→ **WHAT YOU WILL DO**: In the listing below, locate the line that contains "White Floral Button-up" and the line that contains "Women's Sloane Leather Trench Coat". Restate word for word those two lines and every line between them, and nothing else.

→ **DATA EXCERPTS**:
____
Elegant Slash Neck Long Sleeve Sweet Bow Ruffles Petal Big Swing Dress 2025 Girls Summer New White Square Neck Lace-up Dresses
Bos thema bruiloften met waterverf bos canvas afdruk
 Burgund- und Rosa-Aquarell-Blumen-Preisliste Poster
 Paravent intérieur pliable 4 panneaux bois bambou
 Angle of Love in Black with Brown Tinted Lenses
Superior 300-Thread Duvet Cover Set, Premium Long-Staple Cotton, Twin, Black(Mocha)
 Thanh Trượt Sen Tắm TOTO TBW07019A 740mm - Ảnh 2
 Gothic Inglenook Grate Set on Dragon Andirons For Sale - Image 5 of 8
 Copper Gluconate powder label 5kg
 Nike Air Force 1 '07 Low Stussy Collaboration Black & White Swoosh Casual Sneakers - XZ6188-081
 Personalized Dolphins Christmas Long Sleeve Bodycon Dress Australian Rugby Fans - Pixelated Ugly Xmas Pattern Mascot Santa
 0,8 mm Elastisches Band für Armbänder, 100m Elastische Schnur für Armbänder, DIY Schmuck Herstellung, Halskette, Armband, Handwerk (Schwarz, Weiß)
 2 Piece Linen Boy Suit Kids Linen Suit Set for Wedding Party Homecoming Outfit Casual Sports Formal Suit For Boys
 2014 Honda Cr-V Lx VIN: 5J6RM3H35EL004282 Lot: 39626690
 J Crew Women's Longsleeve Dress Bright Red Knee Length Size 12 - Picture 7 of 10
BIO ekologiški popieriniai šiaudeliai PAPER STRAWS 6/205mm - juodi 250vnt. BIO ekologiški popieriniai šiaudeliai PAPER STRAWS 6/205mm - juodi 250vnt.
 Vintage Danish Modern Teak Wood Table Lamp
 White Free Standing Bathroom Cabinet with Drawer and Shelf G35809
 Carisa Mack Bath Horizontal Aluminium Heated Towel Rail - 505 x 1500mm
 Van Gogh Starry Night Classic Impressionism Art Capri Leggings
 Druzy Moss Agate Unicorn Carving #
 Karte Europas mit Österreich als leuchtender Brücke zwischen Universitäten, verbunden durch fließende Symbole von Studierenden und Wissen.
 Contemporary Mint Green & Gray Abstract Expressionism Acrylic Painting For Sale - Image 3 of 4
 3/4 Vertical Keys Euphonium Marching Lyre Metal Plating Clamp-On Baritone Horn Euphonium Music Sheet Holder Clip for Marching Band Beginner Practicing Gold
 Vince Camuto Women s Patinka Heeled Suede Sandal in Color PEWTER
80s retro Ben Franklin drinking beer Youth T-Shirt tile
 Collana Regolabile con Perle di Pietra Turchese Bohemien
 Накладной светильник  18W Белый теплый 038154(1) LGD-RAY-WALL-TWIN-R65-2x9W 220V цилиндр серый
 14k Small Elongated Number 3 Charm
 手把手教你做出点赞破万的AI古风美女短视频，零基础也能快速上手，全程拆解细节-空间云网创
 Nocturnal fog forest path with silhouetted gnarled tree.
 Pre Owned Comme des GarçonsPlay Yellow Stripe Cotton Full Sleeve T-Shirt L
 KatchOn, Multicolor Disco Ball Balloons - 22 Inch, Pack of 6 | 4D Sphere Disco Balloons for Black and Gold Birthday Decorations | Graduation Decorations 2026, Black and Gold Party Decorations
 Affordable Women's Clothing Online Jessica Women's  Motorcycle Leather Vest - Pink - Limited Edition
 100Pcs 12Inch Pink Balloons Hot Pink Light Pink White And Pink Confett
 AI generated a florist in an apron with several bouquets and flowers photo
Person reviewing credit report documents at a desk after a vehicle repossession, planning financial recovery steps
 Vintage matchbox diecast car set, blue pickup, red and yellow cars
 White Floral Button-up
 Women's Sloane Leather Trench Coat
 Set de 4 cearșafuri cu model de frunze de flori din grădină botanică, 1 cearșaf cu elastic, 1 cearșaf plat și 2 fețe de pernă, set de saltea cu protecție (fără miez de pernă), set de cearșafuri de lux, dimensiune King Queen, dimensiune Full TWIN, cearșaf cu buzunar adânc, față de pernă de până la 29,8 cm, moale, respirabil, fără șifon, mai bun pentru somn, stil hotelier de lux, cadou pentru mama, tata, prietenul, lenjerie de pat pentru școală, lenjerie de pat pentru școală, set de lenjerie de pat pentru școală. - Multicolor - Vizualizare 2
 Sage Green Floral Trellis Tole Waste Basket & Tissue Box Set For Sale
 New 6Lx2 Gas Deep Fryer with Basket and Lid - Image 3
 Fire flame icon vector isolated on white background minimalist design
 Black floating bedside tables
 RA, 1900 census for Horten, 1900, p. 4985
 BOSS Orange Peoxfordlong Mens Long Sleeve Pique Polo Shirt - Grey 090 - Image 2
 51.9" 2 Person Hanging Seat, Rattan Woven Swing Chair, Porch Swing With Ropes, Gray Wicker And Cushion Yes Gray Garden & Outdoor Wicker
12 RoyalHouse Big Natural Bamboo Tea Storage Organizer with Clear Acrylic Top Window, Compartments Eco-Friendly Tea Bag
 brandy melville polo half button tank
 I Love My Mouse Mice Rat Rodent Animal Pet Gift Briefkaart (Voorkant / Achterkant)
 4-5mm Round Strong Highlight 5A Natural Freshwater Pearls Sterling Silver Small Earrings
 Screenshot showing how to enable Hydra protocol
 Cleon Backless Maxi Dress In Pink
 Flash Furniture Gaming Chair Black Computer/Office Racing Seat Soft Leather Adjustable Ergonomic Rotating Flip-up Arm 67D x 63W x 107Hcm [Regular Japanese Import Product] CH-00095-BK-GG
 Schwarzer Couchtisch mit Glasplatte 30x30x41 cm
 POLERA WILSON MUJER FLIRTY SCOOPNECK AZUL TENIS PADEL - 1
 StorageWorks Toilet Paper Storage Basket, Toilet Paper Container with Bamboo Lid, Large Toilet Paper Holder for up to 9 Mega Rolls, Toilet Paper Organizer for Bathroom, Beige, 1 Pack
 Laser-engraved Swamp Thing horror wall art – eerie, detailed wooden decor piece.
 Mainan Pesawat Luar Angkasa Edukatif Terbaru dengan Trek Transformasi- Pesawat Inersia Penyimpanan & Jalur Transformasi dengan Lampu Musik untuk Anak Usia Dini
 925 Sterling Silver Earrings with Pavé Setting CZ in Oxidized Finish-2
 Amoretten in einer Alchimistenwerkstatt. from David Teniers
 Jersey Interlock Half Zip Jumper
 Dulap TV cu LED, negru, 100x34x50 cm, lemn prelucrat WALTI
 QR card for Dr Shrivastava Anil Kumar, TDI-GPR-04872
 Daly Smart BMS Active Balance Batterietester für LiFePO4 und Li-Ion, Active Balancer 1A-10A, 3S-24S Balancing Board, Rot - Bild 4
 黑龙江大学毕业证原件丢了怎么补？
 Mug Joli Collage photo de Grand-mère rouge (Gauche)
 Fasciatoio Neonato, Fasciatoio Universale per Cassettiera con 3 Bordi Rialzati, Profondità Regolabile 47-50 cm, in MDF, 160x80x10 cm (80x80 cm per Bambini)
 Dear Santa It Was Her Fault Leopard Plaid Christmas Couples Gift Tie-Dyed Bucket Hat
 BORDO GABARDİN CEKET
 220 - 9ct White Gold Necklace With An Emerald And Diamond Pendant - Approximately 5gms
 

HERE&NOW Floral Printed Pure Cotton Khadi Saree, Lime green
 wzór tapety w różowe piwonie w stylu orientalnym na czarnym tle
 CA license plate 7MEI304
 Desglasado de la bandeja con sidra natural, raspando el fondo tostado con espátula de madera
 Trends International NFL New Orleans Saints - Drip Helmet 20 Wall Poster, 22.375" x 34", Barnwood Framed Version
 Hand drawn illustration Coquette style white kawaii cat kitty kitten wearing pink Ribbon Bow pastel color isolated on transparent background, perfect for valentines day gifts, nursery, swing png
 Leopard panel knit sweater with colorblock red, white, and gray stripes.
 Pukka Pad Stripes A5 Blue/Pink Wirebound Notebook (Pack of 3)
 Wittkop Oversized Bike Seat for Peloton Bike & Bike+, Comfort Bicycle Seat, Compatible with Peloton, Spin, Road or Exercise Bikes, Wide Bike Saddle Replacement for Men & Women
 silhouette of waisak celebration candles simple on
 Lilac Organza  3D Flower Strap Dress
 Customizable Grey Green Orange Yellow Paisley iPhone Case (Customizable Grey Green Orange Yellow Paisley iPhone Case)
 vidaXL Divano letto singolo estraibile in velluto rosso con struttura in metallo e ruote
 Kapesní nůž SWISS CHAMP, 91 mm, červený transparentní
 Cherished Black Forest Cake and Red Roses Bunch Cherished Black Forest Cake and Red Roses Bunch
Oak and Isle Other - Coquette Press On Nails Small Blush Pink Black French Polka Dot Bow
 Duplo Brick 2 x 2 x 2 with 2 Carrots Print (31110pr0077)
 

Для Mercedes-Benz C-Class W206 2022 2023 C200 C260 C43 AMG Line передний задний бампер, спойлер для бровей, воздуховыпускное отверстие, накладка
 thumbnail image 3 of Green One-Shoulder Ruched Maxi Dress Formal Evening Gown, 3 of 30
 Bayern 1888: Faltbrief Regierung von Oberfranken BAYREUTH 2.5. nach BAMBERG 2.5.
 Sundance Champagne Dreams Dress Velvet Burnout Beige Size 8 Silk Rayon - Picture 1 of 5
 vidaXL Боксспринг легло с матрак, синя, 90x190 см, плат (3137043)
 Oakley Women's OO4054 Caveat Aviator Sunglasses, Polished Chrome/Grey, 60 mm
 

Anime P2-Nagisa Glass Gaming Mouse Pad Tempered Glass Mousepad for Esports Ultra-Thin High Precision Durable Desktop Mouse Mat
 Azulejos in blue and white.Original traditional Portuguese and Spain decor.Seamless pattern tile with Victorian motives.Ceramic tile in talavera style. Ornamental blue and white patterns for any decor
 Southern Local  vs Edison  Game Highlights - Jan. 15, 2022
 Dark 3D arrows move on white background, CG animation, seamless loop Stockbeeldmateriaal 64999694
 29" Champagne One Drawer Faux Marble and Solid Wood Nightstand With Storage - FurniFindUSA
____
→ **SOLUTION TO THIS TASK**:
 White Floral Button-up
 Women's Sloane Leather Trench Coat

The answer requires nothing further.